Large heart-shaped feature found on Pluto
Most prominent are an elongated dark feature at the equator, informally known as “the whale“, and a large heart-shaped bright area measuring a few 2,000 kilometres across on the right.
These are the most recent high-resolution views of Pluto sent by NASA’s New Horizons spacecraft, including one showing the four mysterious dark spots on Pluto that have captured the imagination of the world.

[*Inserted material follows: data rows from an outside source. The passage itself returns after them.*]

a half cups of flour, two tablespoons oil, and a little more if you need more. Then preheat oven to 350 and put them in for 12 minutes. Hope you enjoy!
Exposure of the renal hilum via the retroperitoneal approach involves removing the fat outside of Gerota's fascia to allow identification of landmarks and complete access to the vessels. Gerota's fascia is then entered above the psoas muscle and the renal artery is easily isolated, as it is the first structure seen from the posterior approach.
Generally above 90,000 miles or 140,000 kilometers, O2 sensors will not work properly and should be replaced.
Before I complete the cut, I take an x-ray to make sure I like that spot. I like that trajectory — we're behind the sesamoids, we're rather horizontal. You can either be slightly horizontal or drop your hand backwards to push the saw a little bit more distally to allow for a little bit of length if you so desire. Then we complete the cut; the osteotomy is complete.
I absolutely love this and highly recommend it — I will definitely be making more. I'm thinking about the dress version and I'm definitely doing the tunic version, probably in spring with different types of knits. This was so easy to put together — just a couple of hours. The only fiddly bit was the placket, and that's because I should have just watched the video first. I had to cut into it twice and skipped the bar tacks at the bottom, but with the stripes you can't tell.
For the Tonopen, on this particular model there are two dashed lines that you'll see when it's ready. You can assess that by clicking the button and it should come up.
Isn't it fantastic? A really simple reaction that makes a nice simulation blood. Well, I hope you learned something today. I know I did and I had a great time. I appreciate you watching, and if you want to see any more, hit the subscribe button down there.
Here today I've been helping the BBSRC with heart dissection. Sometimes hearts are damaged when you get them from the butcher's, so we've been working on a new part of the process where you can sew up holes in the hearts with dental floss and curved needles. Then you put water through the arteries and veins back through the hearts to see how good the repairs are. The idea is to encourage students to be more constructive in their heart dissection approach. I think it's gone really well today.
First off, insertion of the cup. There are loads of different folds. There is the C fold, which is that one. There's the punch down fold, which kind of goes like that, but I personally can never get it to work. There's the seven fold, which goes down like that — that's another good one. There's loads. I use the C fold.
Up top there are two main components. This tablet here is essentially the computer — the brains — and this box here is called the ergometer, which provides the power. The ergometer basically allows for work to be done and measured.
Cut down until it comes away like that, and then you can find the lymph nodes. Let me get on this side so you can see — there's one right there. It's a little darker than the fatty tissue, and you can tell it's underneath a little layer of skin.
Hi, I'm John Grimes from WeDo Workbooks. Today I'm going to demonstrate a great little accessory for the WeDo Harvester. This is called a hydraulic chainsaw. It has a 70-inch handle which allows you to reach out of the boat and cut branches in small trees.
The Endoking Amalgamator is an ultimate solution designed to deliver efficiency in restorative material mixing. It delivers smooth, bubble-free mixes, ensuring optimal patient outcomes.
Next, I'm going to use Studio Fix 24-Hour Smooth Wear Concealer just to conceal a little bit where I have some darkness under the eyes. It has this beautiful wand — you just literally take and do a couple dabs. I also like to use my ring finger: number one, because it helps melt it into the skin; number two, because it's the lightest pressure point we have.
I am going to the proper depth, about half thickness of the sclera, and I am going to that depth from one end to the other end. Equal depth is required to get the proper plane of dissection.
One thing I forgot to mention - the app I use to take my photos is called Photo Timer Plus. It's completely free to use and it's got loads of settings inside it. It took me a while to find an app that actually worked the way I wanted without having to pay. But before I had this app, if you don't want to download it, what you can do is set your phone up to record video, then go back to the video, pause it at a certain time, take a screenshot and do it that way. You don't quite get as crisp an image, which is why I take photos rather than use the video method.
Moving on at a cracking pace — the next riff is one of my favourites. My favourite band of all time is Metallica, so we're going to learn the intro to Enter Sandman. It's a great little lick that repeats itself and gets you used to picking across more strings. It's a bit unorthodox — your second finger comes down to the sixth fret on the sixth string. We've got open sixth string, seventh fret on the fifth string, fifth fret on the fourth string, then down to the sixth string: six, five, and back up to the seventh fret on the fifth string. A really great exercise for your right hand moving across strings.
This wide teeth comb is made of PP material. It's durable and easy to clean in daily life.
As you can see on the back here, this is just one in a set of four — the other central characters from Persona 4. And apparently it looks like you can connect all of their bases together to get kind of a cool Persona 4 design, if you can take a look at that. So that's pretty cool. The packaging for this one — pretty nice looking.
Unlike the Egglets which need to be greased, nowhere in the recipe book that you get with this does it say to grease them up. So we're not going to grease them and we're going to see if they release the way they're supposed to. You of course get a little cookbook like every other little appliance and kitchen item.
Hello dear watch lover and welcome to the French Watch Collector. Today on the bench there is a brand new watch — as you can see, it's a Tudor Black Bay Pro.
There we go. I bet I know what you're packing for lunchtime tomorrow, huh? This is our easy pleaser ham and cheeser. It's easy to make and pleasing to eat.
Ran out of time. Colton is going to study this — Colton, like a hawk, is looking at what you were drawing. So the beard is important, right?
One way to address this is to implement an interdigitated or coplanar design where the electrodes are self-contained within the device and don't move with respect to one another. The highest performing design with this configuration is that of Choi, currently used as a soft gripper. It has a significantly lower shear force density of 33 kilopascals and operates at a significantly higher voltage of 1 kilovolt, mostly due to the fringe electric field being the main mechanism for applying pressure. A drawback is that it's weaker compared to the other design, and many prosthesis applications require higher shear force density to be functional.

“We’re at the “man in the moon” stage of viewing Pluto”, John Spencer, deputy leader of the geology, geophysics and imaging team at the Southwest Research Institute in Boulder, Colorado, said Tuesday in a release. But thanks to the maps developed from New Horizons’ data, recorded from roughly 7.8 million miles away between July 1 and July 3, researchers are now able to see the real detail of its coloring and texture. The spacecraft will fly within 7,750 miles – the approximate distance between Seattle and Sydney.
Presently, the probe is moving at a speed of about 14kms per second and that is pretty fast to get into orbit on July 14. By July 15, the public should have access to an image of Pluto on-par with shots of Earth taken from space.
At its closest encounter, New Horizons will be 13,000km above the surface of Pluto. Initially New Horizon journeyed to Pluto in hibernation; it took 9 years and 3 billion miles for it to get near Pluto.
“The New Horizons team immediately went into action”, said Jim Green, director of Planetary Science at NASA, during a press conference Monday.
Science operations were temporarily disabled when the spacecraft was put into “safe mode”, however, mission scientists have concluded that the planned science observations that have been unable to be performed during the spacecraft’s recovery will not affect the mission’s primary objectives.
The spacecraft is scheduled to come as close as 6,200 miles from the surface of the dwarf planet.
The New Horizons mission is the first of its kind to explore the icy bodies that are found mostly in the Kuiper Belt beyond Neptune.
On Wednesday we’re going to see photos of Pluto so detailed that they’ll blow our minds.